Siti Yona Hukmana • 20 February 2025 16:42
Jakarta: Sejumlah pihak menyuarakan soal potensi bahaya dari Revisi Undang-Undang (RUU) Nomor 11 Tahun 2021, tentang Kejaksaan. Sebab, dapat memberikan kewenangan berlebihan kepada Korps Adhyaksa.
Akademisi Universitas Trunojoyo Madura, Fauzin menilai Kejaksaan berpotensi menjadi alat bagi penguasa untuk mengamankan kebijakan dan kepentingan politik. Maka itu, ia menolak RUU Kejaksaan.
"Seperti Pasal 8 terkait imunitas kejaksaan yang melanggar prinsip persamaan dihadapan hukum," kata Akademisi Universitas Trunojoyo Madura, Fauzin dalam Keterangannya, Kamis, 20 Februari 2025.
Sementara itu, Direktur Eksekutif ELSAM Wahyudi Djafar menilai potensi bahaya di balik RUU Kejaksaan salah satunya akan memengaruhi menurunnya kualitas Hak Asasi Manusia (HAM) dan demokrasi di Indonesia. Kemudian, perlindungan saksi dan korban tumpang tindih dengan kewenangan LPSK.
Hal itu diminta diwaspadai. Selain itu, Wahyudi juga menyoroti poin kewenangan Kejaksaan untuk penyadapan yang dikhawatirkan dipergunakan tidak semestinya.
"Kewenangan penyadapan rawan disalahgunakan dan melanggar HAM," kata Wahyudi.
Kemudian, Peneliti Senior Democratic Judicial Reform, Awan Puryadi memandang UU Kejaksaan telah memberikan kewenangan berlebihan yang berpotensi disalahgunakan. Apalagi, RUU Kejaksaan nantinya diyakini akan semakin memberikan kewenangan yang lebih luas dan sangat berbahaya.
"Permasalahan di antaranya pemulihan aset dan kewenangan intelijen. Harus dilakukan Judicial Review ke depannya," kata Awan.
Respons Kejagung
Sebelumnya, Kejagung merespons kritik masyarakat yang meminta agar RUU Kejaksaan dibatalkan.

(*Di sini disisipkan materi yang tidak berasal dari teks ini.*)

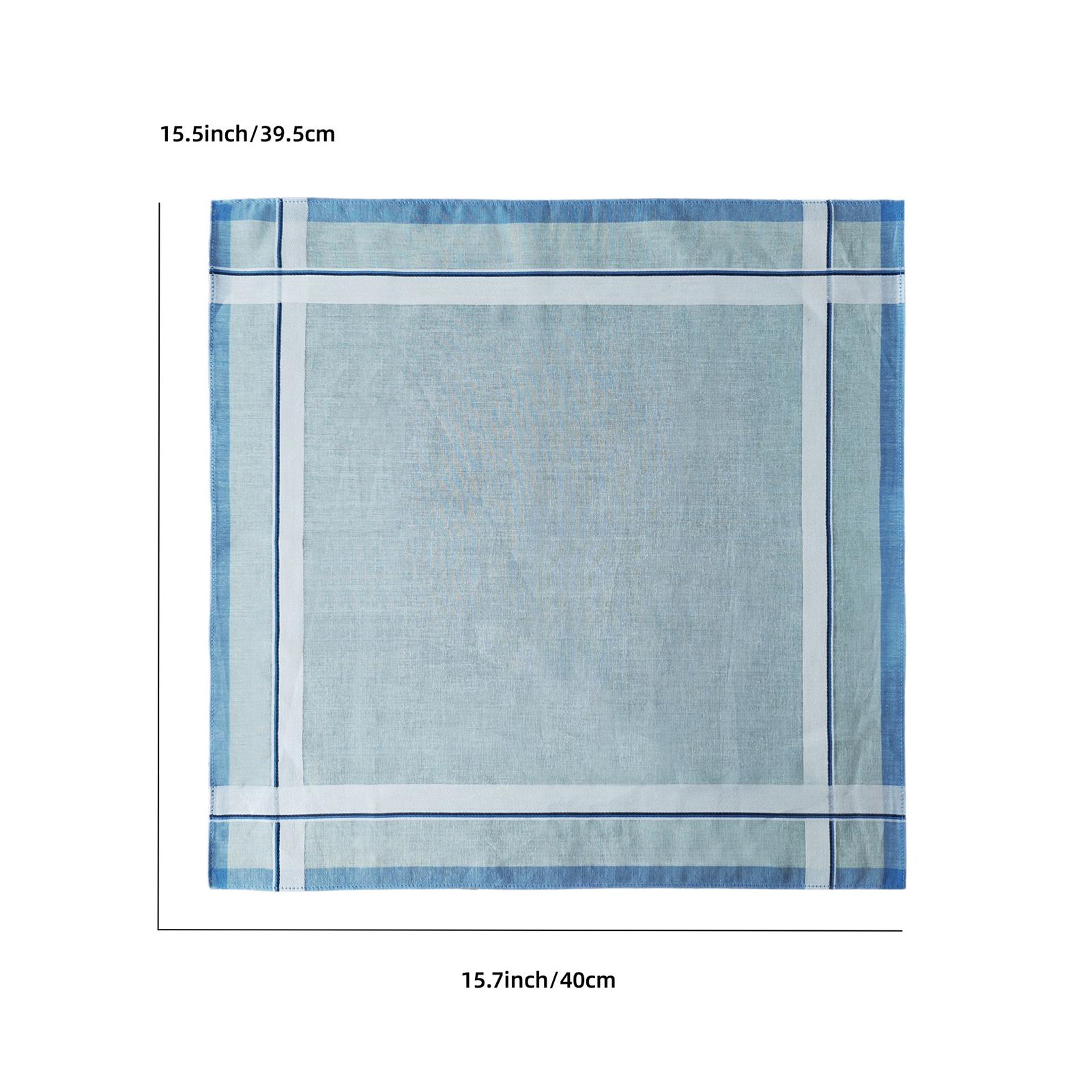 Handkerchief Cotton Men - 6枚組ポケットスクエアハンカチ 40cm コットン メンズハンカチ パーティーやカジュアルに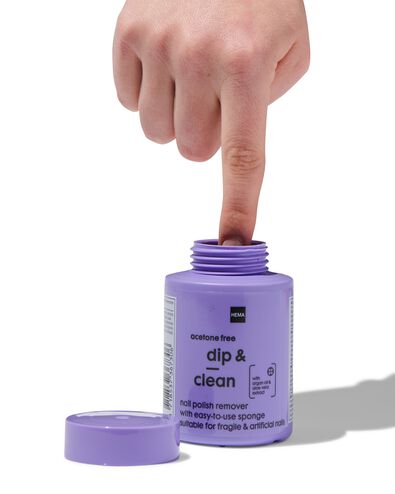 dissolvant vernis &agrave; ongles dip & clean - 75 ml - 11243085 - HEMA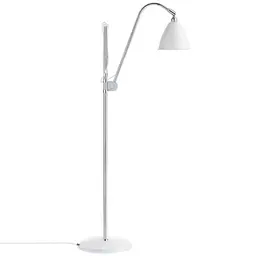 Chrome with Matte White, Height 5.5", Diameter 6.3"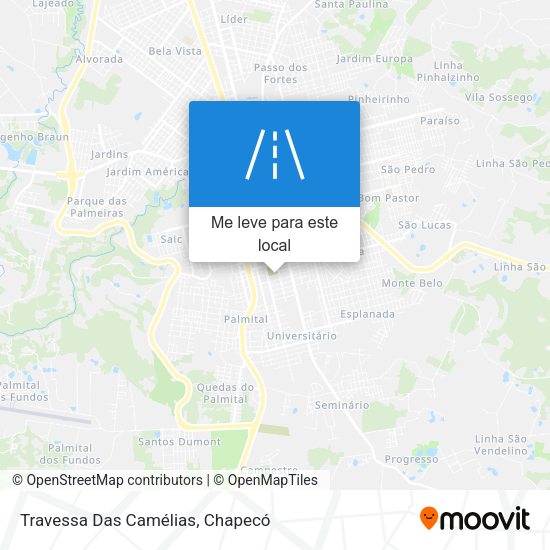 Travessa Das Camélias mapa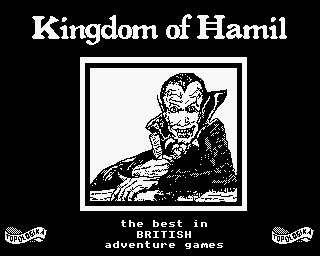 Title screen of Kingdom of Hamil
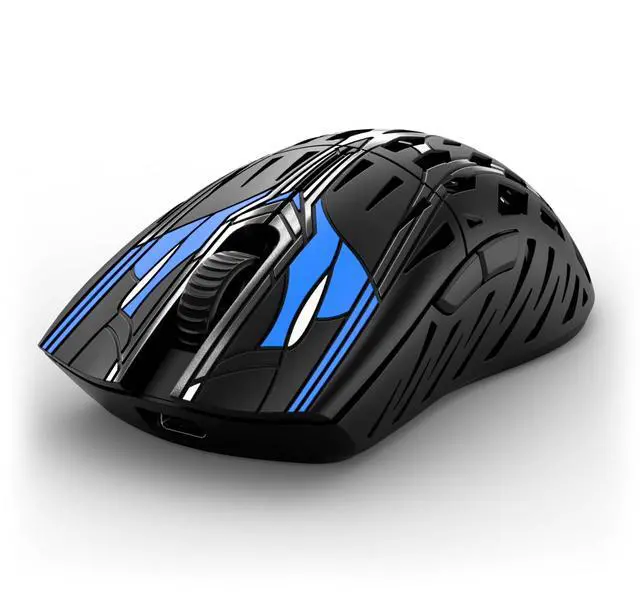 Alt view image 3 of 5 - PWNAGE Trinity Wireless Gaming Mouse 8K - 39 Grams Ultralight Esports Pro Gamer Flawless Professional Custom Xero PAW3950 Optical Sensor 36,000 DPI - 8000Hz -100% PTFE Skates Symm2 - Midnight Eclipse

Sebab, revisi itu menyangkut penguatan kewenangan Korps Adhyaksa.
Kepala Pusat Penerangan Hukum (Kapuspenkum) Kejagung Harli Siregar mengatakan, revisi UU Kejaksaan diperlukan untuk membuat Kejaksaan di Indonesia menjadi institusi yang kokoh. Revisi kali ini menyasar soal peran Kejaksaan sebagai dominus litis atau pengendali perkara.
"Dominus litis itu norma yang bersifat universal di seluruh dunia. Apa kita mau lari dari prinsip universal itu?," kata Harli di Kompleks Kejagung, Jakarta, Selasa, 18 Februari 2025.
Seluruh masyarakat diajak untuk berpikir jernih dalam menanggapi upaya perbaikan UU Kejaksaan. Kemudian, diminta tidak mudah terprovokasi.